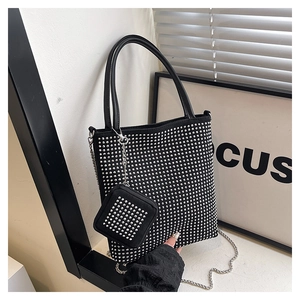 Détail du sac cabas noir orné de rivets argentés et d'une fine bandoulière en chaîne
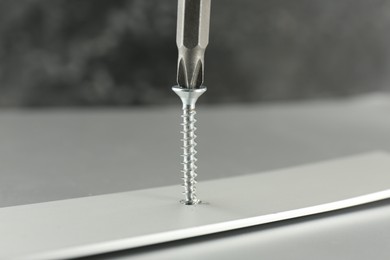 Photo of Screwing screw into white panel at light table, closeup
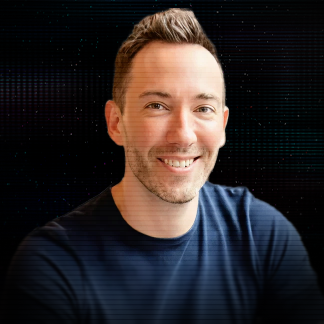 Smiling middle-aged man with short brown hair wearing a dark blazer and light purple striped shirt against a black background.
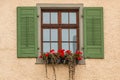 Window with green shutters and a flower box with red flowers Royalty Free Stock Photo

--*--

- Activity
Transcribe the listing above in full and exactly; no pictures belong in the copy.

- Response
 Détail du sac cabas noir orné de rivets argentés et d'une fine bandoulière en chaîne
 Photo of Screwing screw into white panel at light table, closeup
 Smiling middle-aged man with short brown hair wearing a dark blazer and light purple striped shirt against a black background.
 Window with green shutters and a flower box with red flowers Royalty Free Stock Photo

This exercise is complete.